Comparison of Anti-Inflammatory Property of Coenzyme Q10 with Diclofenac Sodium - An In Vitro Study

Introduction: Postoperative inflammation and pain present significant clinical challenges in minor oral surgical procedures, often impeding healing and compromising the patient comfort. While systemic non-steroidal anti-inflammatory drugs (NSAIDs) such as diclofenac sodium are commonly prescribed for anti-inflammatory and analgesic effects, their use is frequently associated with notable gastrointestinal and other systemic side effects. This has led to a growing interest in localized drug delivery systems, which can target the inflammation directly at the surgical site, thereby maximizing therapeutic efficacy while minimizing systemic exposure. Coenzyme Q10 (CoQ10), a naturally occurring antioxidant, has shown promising anti-inflammatory and wound-healing properties. Therefore, this in vitro study aimed to develop and evaluate a novel CoQ10-based local delivery system and compare its anti-inflammatory activity against the conventional NSAID, diclofenac sodium.

Materials & Methods: In this study, test solutions of diclofenac sodium and CoQ10-loaded film extract were prepared for in vitro evaluation. Diclofenac sodium was first dissolved in dimethyl sulfoxide (DMSO) and then diluted with phosphate-buffered saline (PBS) to obtain concentrations ranging from 10 to 500 μg/mL. For CoQ10, a pre-weighed portion of the film was incubated in PBS at 37°C for 24 hours to allow release, after which the solution was filtered and diluted to achieve equivalent concentrations. The anti-inflammatory activity was assessed using the albumin denaturation assay, where egg albumin solution was mixed with the test samples and subjected to heat-induced denaturation at 70°C for 20 minutes, with PBS and albumin alone serving as the control. Absorbance was measured at 660 nm, and the percentage inhibition of protein denaturation was calculated. Both diclofenac sodium and CoQ10 showed a concentration-dependent increase in activity, with diclofenac sodium proving more effective (57–80% inhibition) but CoQ10 also showing promising results (43–65% inhibition), supporting its potential as a useful anti-inflammatory agent in surgical applications.

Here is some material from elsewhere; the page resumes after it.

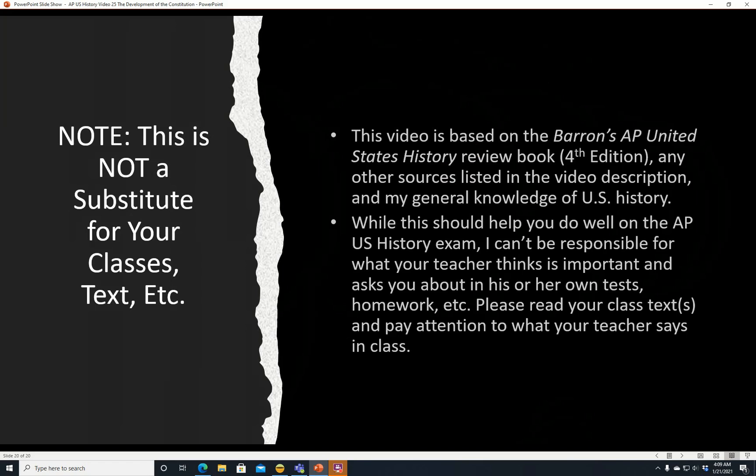While this should help you do well on your AP U.S. History exam, I can't be responsible for what your teacher thinks is important and asks about in his or her own tests, homework, etc. Please read your class texts and pay attention to what your teacher says in class. Alright, with that, hope you're having a good day — talk to you later.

Results: The findings of this study demonstrated that the CoQ10-based formulation exhibited substantial anti-inflammatory efficacy. The degree of protein denaturation inhibition was comparable to that observed with diclofenac sodium at similar concentrations. This indicates that CoQ10 possesses potent anti-inflammatory capabilities that could be harnessed for targeted therapeutic application. Its ability to effectively inhibit protein denaturation highlights its promising role in managing postoperative inflammation without the systemic side effects associated with oral NSAIDs.

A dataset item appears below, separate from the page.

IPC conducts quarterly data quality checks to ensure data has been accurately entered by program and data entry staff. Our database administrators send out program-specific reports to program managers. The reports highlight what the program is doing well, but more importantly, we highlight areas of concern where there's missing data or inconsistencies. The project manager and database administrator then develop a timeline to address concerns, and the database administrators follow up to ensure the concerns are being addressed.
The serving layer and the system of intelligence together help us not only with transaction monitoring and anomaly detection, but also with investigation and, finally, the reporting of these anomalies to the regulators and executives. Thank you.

Conclusion: The present study successfully validates that Coenzyme Q10, when formulated as a localized delivery system, is a promising and biocompatible alternative for managing postoperative inflammation. These in vitro results suggest that CoQ10 could serve as a valuable therapeutic adjunct, aligning with the increasing demand for evidence-based and patient-centric care. The findings not only expand the therapeutic landscape of oral surgery but also provide a strong rationale for future clinical trials to further explore CoQ10's broader regenerative and analgesic properties. Ultimately, integrating such novel biomolecules into routine clinical practice may redefine perioperative management standards, improve patient outcomes while reduce reliance on synthetic pharmaceuticals.